Pull away. It was an innocent mistake. Pull back.
But a second passes.
Two.
And it rapidly barrels past the time when I could yank away and claim it’s an accident and now, now, I’m actively touching him, barely touching him, and the beat of blood in my injuries channels to pound, pound, pound over my heart.
It’s an accident. He touched my knees earlier, and that meant nothing, so this, this means—
His finger moves.
Hooks with mine.
Holy shit.
The icy wind thrashes against my face and chaos ratchets to boiling in my head, it’s haunting me, that juxtaposition, cold to hot to cold—
I hear his voice, the memory of it. Echoing. Echoing.
I’m Irish, boyo. Talking shite is how we flirt.
Holy.
Fuck.
Has he been flirting with me this whole time ?
And. Oh my god.
Have I been flirting back ?
No. No way. Flirting is telling someone they look nice, or smiling at each other across a room, or anything that leaves a fuzzy feeling in my chest, not—
Not heat so intense I don’t think there’s a part of me that isn’t blistered anymore.
Not tension so potent it creates its own gravitational pull.
That’s not—that isn’t—
Oh my god.
THAT’S WHAT THAT IS?!
My mouth opens. I gulp the wind. But I do not move any more than that.
Only I do.
Bullets of that cold-hot-cold are firing down into the root of my stomach, and I chase them. I am stripped of all thought again, a being of appetite only, and that appetite wants more of this sensation, hot-cold-hot —
I work my hand under his and twine our fingers together.
What am I doing.
I’m suffocating is what I’m doing. I’ve passed out from my injuries and I’m unconscious right now.
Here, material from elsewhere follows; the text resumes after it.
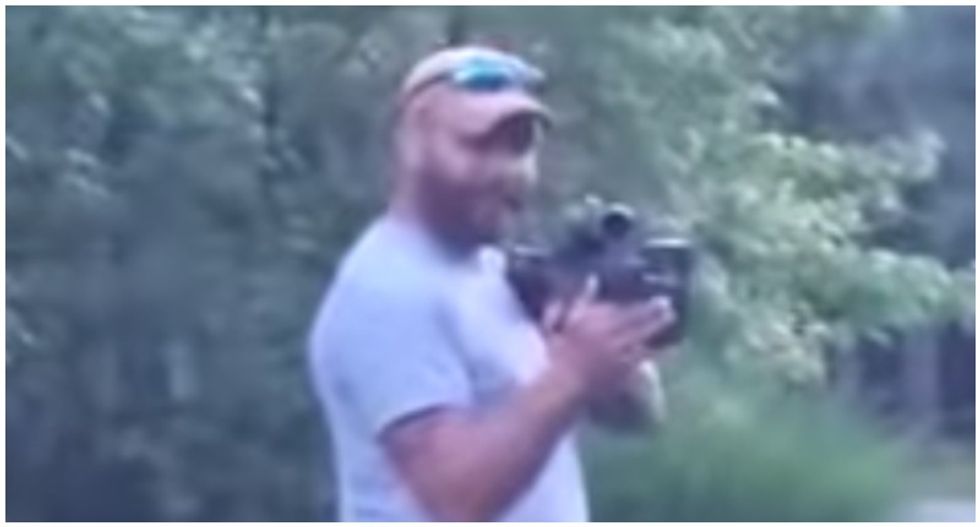 WATCH: White man brandishes rifle as he accuses Black bikers of being on 'private' road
Loch’s fingers tighten on mine. His thumb strokes over the back of my hand and I launch stratospheric.
There is nothing deniable about this. No rationalizing it off. It’s such a thing outside myself that I’m forced to sit here in excruciating mental silence and endure his hand in mine. The roughness of his palm, a callus between two fingers, probably from a paint brush.
This is so childish, isn’t it? Holding hands. This is playground bullshit. It shouldn’t be—it shouldn’t be —
But it’s everything. His touch is on my hand but it’s all over my body, and those bullets whizzing through me, the aching thuds of my pulse, all of it swells together in a detonation that is physically agonizing to not react to.
My eyes split open. And I twist to him; increment by increment, I’ll find an excuse in his face. My mind will start working again and I’ll see the reason I did this and it’ll be something—something—that makes sense —
I get as far as looking at the seat between us when Loch pulls away.
He drops my hand and cocks his shoulder to me and clears his throat, scratches his jaw. His beard bristles on his fingertips.
There’s paint caked in his nailbeds. Specks of green. Orange.
I stare down at my palm. Empty.
No thoughts.
But a feeling.
Rejection.
Another. Stronger. Feral and out of control.
Confusion.
I tuck my hand into my lap.
“ Shite, close the windows!” Siobhán shrieks. “I canna take it anymore. It’s winter, Christ.”
Finn hits a button and all the windows go up.
No, I need that air, fuck, fuck —
One arm curled up on the car door, I make myself as small as possible, nonexistent.
Loch shifts. My eyes dart over to him. I can’t stop it.
His head is angled at the window, but he dips his eyes to the side. Towards me.
Goes back to staring out the window.
I watch the muscle in his jaw, under his beard, constrict, stay clamped.
Hot-cold-hot.
My hand is still on fire. The brunt force of the sun scorching every line in my palm.
I spin away from him and shut my eyes and do not think, not at all.